Diz-se que nada acontece na vida política de um país que primeiro não esteja em sua literatura. Ao vermos hoje tantos Porfírios – sequiosos de poder mas bem disfarçados de caridosos servos dos Bacamartes modernos – a refestelar-se no exercício de sua partícula local da tirania global, não é absurdo crer que estejamos diante da “estória” repetida, marxianamente, como farsa.
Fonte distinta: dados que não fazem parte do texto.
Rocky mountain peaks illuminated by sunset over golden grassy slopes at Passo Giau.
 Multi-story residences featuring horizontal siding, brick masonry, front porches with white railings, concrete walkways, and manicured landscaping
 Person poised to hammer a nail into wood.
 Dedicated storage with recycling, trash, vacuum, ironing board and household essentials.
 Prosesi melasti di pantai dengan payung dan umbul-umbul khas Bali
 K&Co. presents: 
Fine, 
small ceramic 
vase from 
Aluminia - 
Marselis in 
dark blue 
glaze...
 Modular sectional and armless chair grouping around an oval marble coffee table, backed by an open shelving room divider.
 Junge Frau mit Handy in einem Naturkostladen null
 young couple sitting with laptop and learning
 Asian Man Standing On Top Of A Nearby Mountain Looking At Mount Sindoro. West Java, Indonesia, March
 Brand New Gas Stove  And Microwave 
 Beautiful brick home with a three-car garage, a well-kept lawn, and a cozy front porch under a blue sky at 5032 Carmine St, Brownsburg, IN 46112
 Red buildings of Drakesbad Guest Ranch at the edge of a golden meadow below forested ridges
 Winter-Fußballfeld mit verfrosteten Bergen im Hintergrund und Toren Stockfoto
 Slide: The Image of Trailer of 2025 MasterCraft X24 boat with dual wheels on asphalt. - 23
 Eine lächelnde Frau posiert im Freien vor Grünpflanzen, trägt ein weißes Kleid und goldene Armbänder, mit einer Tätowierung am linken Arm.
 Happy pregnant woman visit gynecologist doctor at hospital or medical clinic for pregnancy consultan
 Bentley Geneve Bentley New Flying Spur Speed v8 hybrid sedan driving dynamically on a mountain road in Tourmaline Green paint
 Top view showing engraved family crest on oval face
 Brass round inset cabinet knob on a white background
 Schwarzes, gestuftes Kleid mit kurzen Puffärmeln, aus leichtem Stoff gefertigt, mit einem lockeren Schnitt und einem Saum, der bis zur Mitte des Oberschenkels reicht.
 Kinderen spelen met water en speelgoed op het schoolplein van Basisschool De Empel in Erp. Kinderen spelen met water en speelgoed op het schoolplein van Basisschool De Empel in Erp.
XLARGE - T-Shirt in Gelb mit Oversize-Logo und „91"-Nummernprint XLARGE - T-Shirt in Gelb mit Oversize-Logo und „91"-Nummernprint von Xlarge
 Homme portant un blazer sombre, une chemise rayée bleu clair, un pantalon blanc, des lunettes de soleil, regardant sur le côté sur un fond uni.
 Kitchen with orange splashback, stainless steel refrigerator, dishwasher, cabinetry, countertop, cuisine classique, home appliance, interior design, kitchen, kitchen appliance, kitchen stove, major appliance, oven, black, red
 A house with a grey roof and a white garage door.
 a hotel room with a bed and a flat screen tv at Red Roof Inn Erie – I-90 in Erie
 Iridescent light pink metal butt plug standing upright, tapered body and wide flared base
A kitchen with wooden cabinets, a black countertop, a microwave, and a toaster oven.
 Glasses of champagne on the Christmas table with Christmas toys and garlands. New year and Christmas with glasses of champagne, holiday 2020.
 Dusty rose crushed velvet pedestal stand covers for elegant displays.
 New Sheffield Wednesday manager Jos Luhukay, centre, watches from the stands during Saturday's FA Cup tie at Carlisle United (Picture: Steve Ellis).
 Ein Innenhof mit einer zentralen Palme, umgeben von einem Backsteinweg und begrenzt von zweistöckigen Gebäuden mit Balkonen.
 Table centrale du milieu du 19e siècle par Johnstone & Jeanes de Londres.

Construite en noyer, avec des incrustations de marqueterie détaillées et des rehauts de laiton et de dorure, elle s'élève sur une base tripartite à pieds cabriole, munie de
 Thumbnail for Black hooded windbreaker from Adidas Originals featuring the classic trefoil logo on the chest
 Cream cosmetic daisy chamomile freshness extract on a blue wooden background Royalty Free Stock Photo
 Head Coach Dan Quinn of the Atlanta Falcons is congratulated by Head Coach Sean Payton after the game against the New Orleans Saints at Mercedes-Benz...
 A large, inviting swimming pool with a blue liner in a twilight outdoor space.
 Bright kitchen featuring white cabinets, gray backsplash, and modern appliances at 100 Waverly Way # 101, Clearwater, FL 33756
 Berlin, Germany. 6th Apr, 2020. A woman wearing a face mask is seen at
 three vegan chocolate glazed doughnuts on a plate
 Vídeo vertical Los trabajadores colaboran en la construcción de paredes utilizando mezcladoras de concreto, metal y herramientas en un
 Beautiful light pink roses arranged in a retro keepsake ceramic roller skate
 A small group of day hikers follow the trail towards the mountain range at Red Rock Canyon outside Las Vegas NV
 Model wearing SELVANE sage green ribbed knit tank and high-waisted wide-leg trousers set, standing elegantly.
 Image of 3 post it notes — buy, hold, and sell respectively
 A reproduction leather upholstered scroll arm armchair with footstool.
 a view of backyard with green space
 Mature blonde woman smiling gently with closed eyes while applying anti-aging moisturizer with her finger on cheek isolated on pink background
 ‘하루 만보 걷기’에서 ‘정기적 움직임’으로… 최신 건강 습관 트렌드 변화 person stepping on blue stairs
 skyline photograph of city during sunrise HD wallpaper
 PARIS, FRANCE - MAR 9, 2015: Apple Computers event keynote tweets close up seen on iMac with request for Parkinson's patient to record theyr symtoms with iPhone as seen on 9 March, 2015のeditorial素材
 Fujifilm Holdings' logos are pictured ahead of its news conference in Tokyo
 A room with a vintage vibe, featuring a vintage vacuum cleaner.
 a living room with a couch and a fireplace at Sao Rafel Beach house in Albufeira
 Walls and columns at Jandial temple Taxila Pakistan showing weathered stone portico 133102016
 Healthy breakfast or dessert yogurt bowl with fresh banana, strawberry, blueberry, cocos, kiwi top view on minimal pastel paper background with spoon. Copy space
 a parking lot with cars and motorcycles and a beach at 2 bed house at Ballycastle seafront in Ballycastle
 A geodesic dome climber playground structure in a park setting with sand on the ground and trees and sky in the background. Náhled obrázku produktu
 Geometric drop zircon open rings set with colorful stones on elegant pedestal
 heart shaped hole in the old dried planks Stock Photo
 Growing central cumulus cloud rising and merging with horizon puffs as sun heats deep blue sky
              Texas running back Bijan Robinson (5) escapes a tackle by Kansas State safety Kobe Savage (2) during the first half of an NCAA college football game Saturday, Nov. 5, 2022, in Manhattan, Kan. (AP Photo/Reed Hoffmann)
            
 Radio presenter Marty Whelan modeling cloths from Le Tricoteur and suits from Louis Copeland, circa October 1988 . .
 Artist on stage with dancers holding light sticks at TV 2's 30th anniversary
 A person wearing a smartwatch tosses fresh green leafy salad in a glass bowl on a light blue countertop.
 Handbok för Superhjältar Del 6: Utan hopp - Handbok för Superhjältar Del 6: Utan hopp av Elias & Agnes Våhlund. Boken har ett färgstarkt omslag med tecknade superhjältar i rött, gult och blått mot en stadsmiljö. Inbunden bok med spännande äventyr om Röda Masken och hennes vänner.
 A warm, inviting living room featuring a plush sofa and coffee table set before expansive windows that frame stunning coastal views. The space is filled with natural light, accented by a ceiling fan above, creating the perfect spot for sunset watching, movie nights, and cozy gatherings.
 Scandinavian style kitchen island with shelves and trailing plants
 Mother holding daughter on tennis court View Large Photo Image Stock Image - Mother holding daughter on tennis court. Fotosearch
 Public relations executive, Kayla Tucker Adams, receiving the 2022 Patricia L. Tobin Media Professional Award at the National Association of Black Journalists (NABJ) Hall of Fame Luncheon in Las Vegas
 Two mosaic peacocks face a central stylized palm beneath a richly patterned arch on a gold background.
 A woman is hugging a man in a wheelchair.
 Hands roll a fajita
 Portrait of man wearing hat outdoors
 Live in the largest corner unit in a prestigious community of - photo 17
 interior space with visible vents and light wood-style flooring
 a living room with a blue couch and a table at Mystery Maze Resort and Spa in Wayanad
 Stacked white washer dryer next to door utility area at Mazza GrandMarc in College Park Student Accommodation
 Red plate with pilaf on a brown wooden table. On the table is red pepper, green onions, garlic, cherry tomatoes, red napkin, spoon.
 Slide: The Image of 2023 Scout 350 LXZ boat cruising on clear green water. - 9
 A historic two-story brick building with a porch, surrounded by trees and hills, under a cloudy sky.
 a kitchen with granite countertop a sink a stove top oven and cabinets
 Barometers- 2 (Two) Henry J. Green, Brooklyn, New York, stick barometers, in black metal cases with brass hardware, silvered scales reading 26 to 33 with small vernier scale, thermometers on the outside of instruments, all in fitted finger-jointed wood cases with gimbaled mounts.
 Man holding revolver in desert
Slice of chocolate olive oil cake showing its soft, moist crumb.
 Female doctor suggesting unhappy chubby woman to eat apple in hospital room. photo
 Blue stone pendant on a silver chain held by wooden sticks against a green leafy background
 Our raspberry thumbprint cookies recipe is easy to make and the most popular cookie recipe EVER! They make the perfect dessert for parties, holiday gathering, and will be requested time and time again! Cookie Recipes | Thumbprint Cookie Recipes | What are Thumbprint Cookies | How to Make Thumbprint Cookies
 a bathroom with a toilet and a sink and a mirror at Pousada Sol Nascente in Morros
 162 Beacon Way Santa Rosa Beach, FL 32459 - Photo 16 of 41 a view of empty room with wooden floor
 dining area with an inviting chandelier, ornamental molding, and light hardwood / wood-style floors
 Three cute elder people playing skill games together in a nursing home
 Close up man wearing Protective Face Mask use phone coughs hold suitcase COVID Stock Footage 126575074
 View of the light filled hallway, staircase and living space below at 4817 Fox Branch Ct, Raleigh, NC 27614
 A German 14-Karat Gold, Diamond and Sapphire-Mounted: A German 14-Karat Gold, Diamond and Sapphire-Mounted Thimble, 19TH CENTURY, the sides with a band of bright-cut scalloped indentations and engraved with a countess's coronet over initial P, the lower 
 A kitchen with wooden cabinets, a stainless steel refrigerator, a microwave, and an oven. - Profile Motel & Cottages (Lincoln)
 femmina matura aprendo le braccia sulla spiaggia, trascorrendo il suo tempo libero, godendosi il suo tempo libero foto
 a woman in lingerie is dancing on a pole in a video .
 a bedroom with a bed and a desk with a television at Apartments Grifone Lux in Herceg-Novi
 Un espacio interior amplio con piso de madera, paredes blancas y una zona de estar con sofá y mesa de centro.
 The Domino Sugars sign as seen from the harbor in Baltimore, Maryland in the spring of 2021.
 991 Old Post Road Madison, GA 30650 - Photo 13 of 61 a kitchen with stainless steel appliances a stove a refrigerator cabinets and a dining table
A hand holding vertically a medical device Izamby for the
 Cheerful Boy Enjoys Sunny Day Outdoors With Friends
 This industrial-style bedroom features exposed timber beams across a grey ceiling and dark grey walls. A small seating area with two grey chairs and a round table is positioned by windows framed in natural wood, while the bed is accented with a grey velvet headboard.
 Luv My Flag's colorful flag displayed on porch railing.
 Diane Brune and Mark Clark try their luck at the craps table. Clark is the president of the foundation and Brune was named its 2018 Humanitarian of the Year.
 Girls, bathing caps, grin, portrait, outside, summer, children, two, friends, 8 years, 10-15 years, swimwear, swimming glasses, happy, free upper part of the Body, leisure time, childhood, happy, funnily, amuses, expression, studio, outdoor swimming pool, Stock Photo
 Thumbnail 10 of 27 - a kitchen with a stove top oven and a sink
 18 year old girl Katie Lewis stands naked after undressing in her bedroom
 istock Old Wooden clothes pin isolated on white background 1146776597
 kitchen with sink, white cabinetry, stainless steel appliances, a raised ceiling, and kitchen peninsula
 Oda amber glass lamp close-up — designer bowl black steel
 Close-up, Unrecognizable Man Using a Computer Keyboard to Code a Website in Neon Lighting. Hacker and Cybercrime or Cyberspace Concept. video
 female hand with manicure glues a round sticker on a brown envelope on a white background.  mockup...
De toda sorte, de médico e louco todos têm um pouco, e há tantos loucos médicos e médicos loucos batendo cabeça por aí “em nome da ciência” que chegamos, atônitos, a uma encruzilhada: ou mandamos às favas o cínico cientificismo em voga, readquirindo o pudor de usar a palavra ciência com a devida parcimônia, deixando ressurgir seu sentido original e permitindo um debate dialético digno do nome (para buscar atingir ao menos uma verdade aproximada), ou entregamos a órgãos político-burocráticos, submissos à chantagem cientificista, a chave do conceito de ciência e, por consequência, da Casa Verde (no caso, caro leitor, a sua casa, pouco importando a cor). A resposta do dilema é a mesma solução do enigma: quem nos governa, afinal? Por ora, a conclusão do mistério segue em suspenso.